How placebo and nocebo effects work
All physicians are familiar with what is called the placebo effect: the improvement in a patient’s symptoms after receiving a treatment that has no known effect on the particular disease. I was taught that statement could be further refined to state: improvement in a patient’s symptoms after receiving a treatment that has no known biological effect on the particular disease. The standard example is a “sugar pill.” That’s an important distinction, but it’s also clearly wrong; improvement in symptoms is obviously a biological effect, no matter the mechanism. The placebo effect is evidence of the complex interactions between mind and body because symptoms, by definition, are things perceived by the brain and cannot be specifically measured. Placebo effects are perception. They do not, for example, shrink tumors, cure asthma, or control diabetes.
The placebo effect is a key reason why, as much as possible (sometimes it isn’t), we study patient response to new treatments using a placebo arm in randomized, controlled trials. These are studies in which a patient is randomly chosen to receive either the new drug or something presumed biologically to have no effect on the particular disease. Neither the patient nor the investigator knows which one the patient is getting until after the trial is over. (Some trials compare a new treatment with an existing one — that’s a different topic.) The placebo effect is when a patient receiving the inert substance, the sugar pill, experiences an improvement. How big is the effect? Sometimes it can be as high as 30% of patients. This is why a placebo group is so important for studying disorders in which subjective symptoms are the essence of the disease, such as migraine headaches. There is no objective test one can do to assess improvement; it is all patient-reported.
How does the placebo effect work? There is a wonderful and highly understandable discussion of this in a recent edition of The New England Journal of Medicine. The article is only a couple of pages long and well worth a read. There is also a good podcast accompanying the piece. The bottom line is that clearly the placebo is not really an inert substance in the sense of doing nothing. It is doing something to the patient’s perception of symptoms, often by using known pathways of neurotransmitters in the brain. From the article:
Moreover, recent clinical research into placebo effects has provided compelling evidence that these effects are genuine biopsychosocial phenomena that represent more than simply spontaneous remission, normal symptom fluctuations, and regression to the mean.

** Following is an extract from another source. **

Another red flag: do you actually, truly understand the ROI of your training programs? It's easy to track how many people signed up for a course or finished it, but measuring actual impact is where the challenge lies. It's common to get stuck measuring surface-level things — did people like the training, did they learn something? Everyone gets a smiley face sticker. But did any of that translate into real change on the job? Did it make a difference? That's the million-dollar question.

The authors describe a fascinating example of how the placebo effect can play a role in a complex disorder like asthma. In asthma we can measure air flow as the patient breathes; that is, we can get an objective measure of how severe a patient’s problem is. The patient typically feels short of breath, and the degree of reduction of airflow correlates with that symptom. But feeling short of breath is a subjective thing. It comes from the brain. I have seen both patients in severe subjective distress with only modest reduction in airflow and patients surprisingly comfortable with very decreased objective numbers. There is a significant subjective component to asthma. This has been demonstrated by giving an placebo breathing treatment to an asthmatic and then showing that, as expected, there is no improvement in airflow. Yet the patient may experience an impressive improvement in perceived breathing symptoms.
There is also another side to the coin, what is called the nocebo effect.

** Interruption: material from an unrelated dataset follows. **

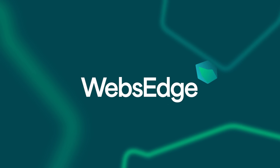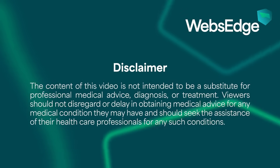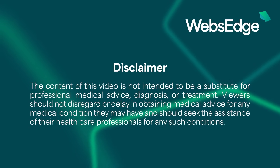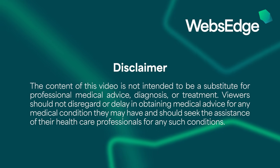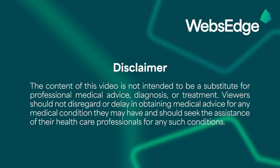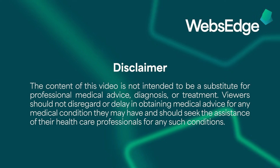Thanks for watching, but now an important disclaimer. The content of this video is not intended to be a substitute for professional medical advice, diagnosis, or treatment. Viewers should not disregard or delay in obtaining medical advice for any medical condition they may have, and should seek the assistance of their healthcare professionals for any such conditions.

. . . the psychosocial factors that promote therapeutic placebo effects also have the potential to cause adverse consequences, known as nocebo effects. Not infrequently, patients perceive side effects of medications that are actually caused by anticipation of negative effects or heightened attentiveness to normal background discomforts of daily life in the context of a new therapeutic regimen.
Here is an example. Patients in randomized controlled trials do not know if they are receiving the placebo or not. But just in case they are receiving the real drug they are informed of possible side effects. Interestingly, 4 – 26% of patients in the placebo groups in such trials stop their participation because of these perceived adverse effects. This is the nocebo effect.
One of the most fascinating aspects of this is that there appear to be genetic predispositions among people for experiencing a placebo effect. This is an area of active research. The authors’ conclusion is a good one, I think:
Of course, placebo effects are modest as compared with the impressive results achieved by lifesaving surgery and powerful, well-targeted medications. Yet we believe such effects are at the core of what makes medicine a healing profession.
The placebo effect has always been a part of medicine. Patient’s perceptions of their physician’s compassion have long been known to be important. Really, until quite recently in medicine the placebo effect was all physicians had to offer. And it’s not a bad thing. I think it explains the modest improvements reported by some patients receiving a wide variety of what we call these days alternative therapies, such as homeopathy.
Anyway, the essay is a good review of this fascinating subject, and I recommend it to you.